You are telling the admissions staff why you’re suitable to study at their university or college. It is important to remember you can only write one personal statement – it’s the same for each course you apply for. So, avoid mentioning any universities or colleges by name except if you are being specific.
To get started, consider the following:
- Look at course descriptions and identify the qualities, skills, and experience it requires – you can use these to help you decide what to write about.
- Tell the reader why you’re applying – including your ambitions, what interests you about the subject, the course provider, and higher education.
- Think about what makes you suitable – this could be relevant experience, skills, or achievements you’ve gained from education, work, or other activities.
- Include any clubs or societies you belong to – sporting, creative, or musical.
- Mention any relevant employment experience or volunteering you’ve done.
- If you’ve developed skills, tell them.
- If you took part in a higher education taster course, placement, or summer school, or something similar, include it.
Everything in your personal statement should aim to show that you have the skills and qualities the admission officers/the institutions are looking for, and convince them to offer you a place on the programme.

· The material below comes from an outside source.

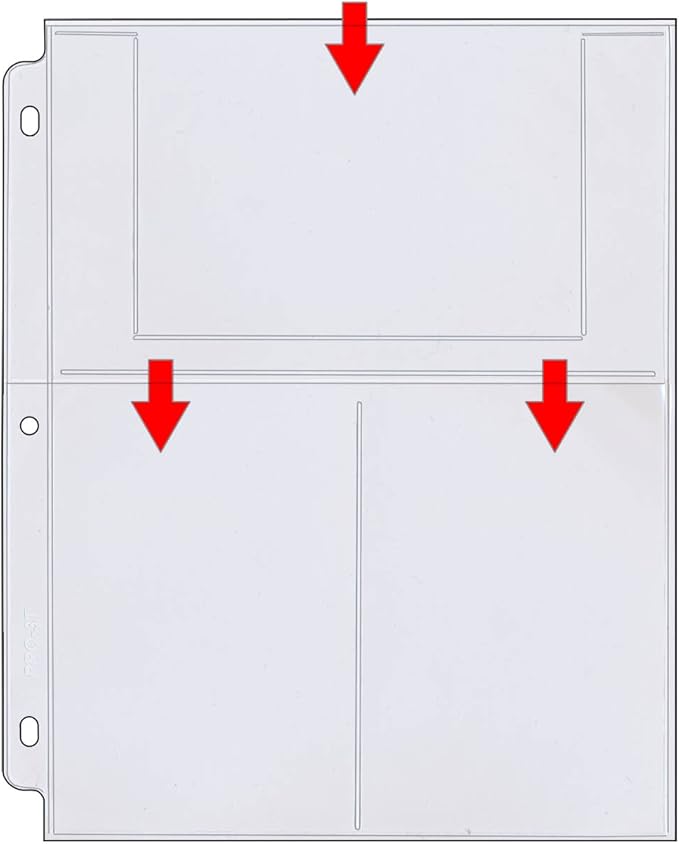 StoreSMART - Photo/Postcard Page for 3-Ring Binders - Archival-Safe Plastic - Three 4" x 6" Pocket - Holds six Photos/Postcards - 20-Pack - LC46-20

Anything that would not do this is not worth being the the write-up.
Before you Start, What should you do?
1. Pick the “right” School
One mistake that many applicants make is that they work hard writing their personal statements, but they don’t put enough time into deciding which school to apply for. This is the wrong approach, and it’s unlikely to produce good results.The admissions staff might read hundreds or thousands of essays to choose suitable applicants. They’ll look at tons of impressive candidates, but for them, what they want to find is someone who’s the right fit. Before you write your statement, it’s essential to understand why you want to study a particular subject. Whatever the reason, make sure your passion and enthusiasm comes across. Don’t just tell them that you like something, show them that you do. What is it that interests you specifically? Why does it interest you? What have you done to pursue that interest?

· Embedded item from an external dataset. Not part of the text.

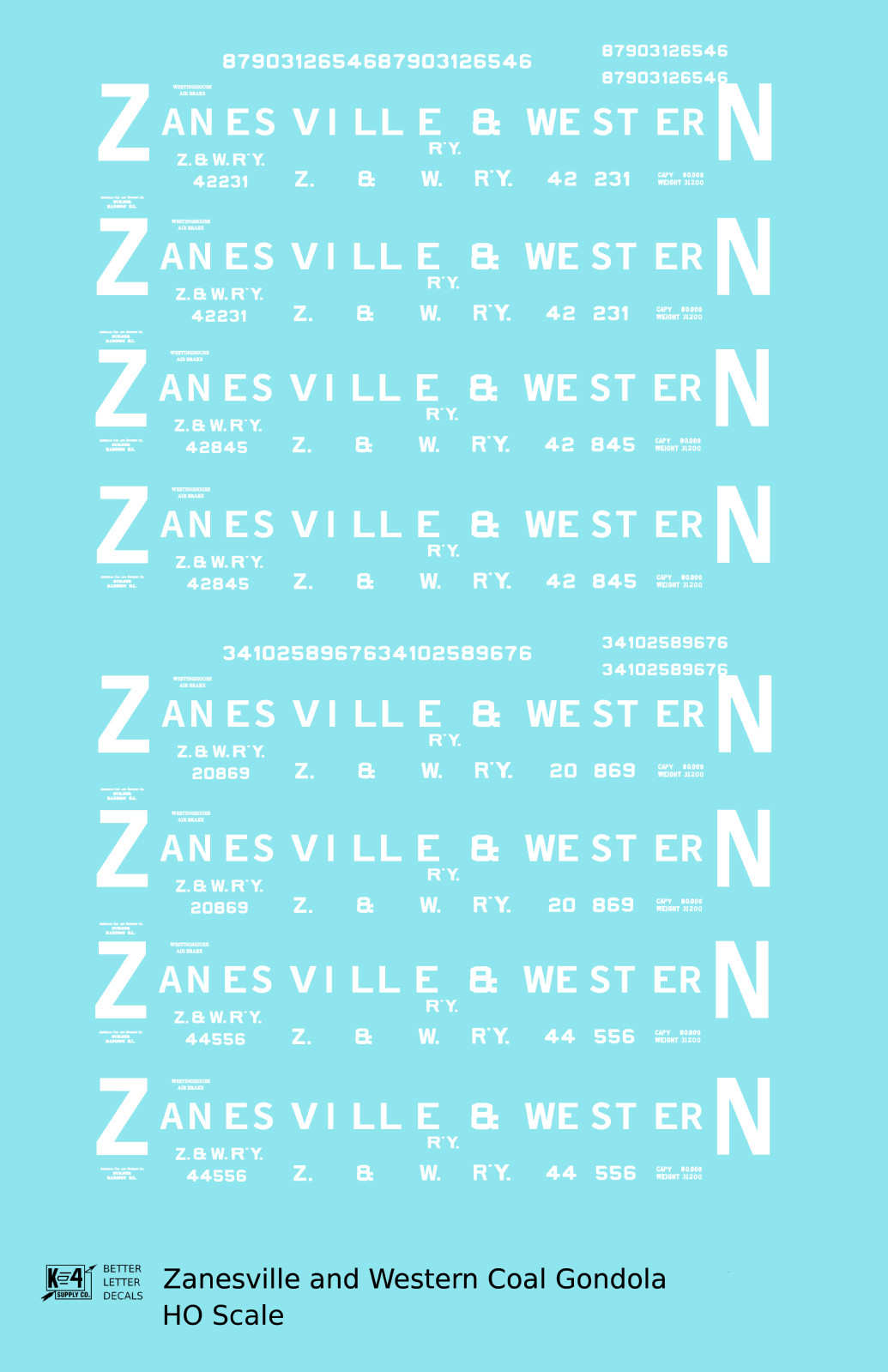 K4 HO Scale Decals Zanesville and Western Wood Coal Gondola White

Similarly, when writing about relevant experience and achievements, make sure that you give concrete examples of the skills and qualities that they demonstrate. Don’t be tempted to expand the truth, as it will catch you out in the long run!

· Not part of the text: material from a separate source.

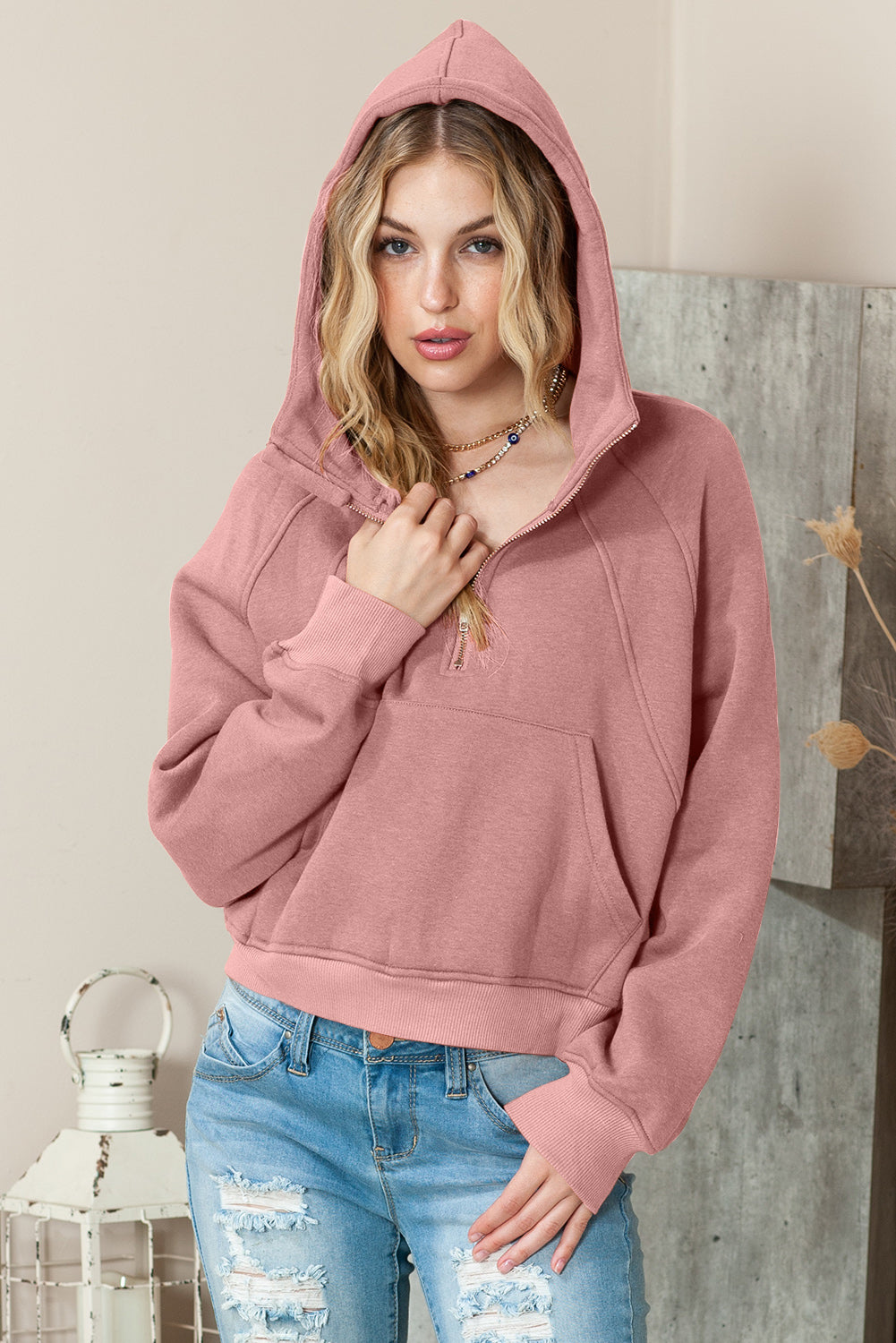 Pink Thumbhole Raglan Sleeve Half Zip Pullover Hoodie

Finally, make sure that you have allowed enough time to check your work before you submit your application. It’s useful to ask friends and family to help check the statement, but be careful that they don’t try and force you to write it in the way they think it should be written. It is important that you write it in your own style rather than trying to conform to what someone else thinks is right, as there is no model way to write a personal statement. When it comes to spelling, however, there is only one ‘right’ way.
2. Write like your personal statement is being graded
Once you actually start writing, it’s important to follow the formal rules of essay composition. Is your grammar correct? Are you using paragraphs properly? Did you proofread for typos? Imagine that you’re turning in the essay to be graded. Write convincingly!